Spot may be modular, but even modularity has a limit. That’s why Handle exists. Playter believes Boston Dynamics ultimately needs to build more robots in different form factors.
“In the construction industry, there’s lots of big heavy things that need to be held in place,” Playter said. “There’s a lot of two-person lifting jobs that might be able to be a one-person lifting job if you had a robot helping to carry some of that load, or something like that. These are confined spaces. These can be big and heavy. It can be drywall. It can be HVAC equipment. It can be ducting. You can’t really use robotics in those environments now because the robots are typically fixed-position robots, and they’re big and heavy. But what if you could build a robot that was light enough to be mobile on a construction site but big enough to pick up, I don’t know, a piece of drywall and hold it up while somebody else screwed the screws or managed the whole process? That’s the thing I envision, but Spot is not going to do that, and neither is Handle. It needs to be a bigger robot that can handle that kind of stuff but could still be mobile.”
Robots in the home
In June, Raibert revealed that the company wants to sell Spot for the home “someday.” We asked the new CEO on the thinking there.
“We really started with business applications because we knew that the robot is still an expensive proposition for a personal consumer, I think,” Playter said. “You can’t build a robot with the capabilities that Spot has at the price point of, I don’t know, an autonomous vacuum cleaner or something like that. So we really started with business because we knew it was going to need to probably exceed the price of the consumer. The value of the robot is clear and makes sense from a return on investment kind of application.”
The big exercise was to figure out how to reliably build a robot at scale, including manufacturing, service, and support. As the company gets better at that, it has to figure out how to keep driving costs down.
“I think that the vision of eventually having a robot for the home is still strong,” Playter said. “I think it’s going to take a little while to get there because I think the cost needs to be for some personal consumer-type thing in the few thousands of dollars. And we’re obviously in the several tens of thousands of dollars now. But I think everything that we will learn in terms of the capabilities of the machines and producing them and supporting them is all providing the foundation for eventually doing something at sort of that consumer level.”

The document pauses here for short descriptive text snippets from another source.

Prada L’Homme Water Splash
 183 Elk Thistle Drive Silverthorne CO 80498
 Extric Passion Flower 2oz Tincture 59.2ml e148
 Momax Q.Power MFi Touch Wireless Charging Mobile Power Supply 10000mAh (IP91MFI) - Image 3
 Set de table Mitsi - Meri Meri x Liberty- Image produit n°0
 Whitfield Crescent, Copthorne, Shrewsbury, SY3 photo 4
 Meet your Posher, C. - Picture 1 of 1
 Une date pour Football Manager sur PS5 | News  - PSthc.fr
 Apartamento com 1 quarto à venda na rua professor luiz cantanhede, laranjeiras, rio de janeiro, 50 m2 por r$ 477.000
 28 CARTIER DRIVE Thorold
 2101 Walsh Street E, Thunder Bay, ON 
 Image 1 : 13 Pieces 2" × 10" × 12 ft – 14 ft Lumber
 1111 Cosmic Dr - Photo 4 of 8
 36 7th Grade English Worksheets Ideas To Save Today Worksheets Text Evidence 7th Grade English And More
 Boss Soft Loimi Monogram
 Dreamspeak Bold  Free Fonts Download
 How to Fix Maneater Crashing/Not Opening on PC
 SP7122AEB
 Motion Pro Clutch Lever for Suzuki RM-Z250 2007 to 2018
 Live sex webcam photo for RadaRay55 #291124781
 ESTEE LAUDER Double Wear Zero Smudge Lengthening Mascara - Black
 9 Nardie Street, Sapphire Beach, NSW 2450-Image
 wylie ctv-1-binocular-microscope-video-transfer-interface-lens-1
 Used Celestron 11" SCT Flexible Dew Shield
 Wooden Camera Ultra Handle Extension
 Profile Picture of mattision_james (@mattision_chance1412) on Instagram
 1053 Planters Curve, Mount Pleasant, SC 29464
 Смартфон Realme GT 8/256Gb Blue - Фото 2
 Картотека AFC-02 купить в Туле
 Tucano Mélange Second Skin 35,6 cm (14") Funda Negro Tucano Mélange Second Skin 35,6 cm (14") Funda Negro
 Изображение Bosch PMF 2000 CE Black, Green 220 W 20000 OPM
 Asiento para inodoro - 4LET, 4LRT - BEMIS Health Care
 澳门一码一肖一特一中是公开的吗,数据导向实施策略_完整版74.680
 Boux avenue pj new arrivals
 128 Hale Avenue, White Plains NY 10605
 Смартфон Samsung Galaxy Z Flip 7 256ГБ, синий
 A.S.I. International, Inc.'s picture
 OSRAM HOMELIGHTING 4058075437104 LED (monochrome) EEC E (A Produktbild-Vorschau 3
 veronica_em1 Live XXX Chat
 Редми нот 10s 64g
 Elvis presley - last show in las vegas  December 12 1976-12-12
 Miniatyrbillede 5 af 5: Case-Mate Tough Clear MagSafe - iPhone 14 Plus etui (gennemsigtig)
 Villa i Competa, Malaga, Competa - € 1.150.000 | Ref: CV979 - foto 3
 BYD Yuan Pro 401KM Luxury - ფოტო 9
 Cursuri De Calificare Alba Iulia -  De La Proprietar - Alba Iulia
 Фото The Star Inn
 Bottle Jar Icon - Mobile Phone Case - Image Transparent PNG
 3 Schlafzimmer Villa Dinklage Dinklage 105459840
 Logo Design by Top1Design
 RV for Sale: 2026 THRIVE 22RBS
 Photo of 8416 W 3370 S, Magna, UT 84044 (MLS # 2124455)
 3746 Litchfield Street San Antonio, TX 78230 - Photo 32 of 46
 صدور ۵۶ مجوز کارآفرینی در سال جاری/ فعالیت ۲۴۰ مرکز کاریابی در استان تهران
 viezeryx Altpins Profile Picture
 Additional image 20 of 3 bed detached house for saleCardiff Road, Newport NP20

Price and value proposition
As with any consumer product, price is key. We asked Playter what his target price would be for a home robot. “Well, certainly below $10,000. Go look at your robotic vacuum cleaners that are $1,000.” But reaching that price point would be easier said than done. “I think it may be hard to get Spot to $1,000, but I think several thousand dollars might be feasible at large enough scale,” Playter said.
The value proposition, which could be anything from entertaining humans to helping them, remains an open question.
“Honestly, I don’t know yet,” Playter said. “I’m not really focused on that. I think that’s a ways off still. To be honest, I’m focused on the industrial applications of the robot we have now and the other robots that we’re building for logistics. That’s really where I’m focused. Part of the larger picture for us is we aspire to build these transformative robots, and I think it’s a great vision to imagine building a less expensive version that people would want in their home, but honestly that’s a little bit over the horizon for us.”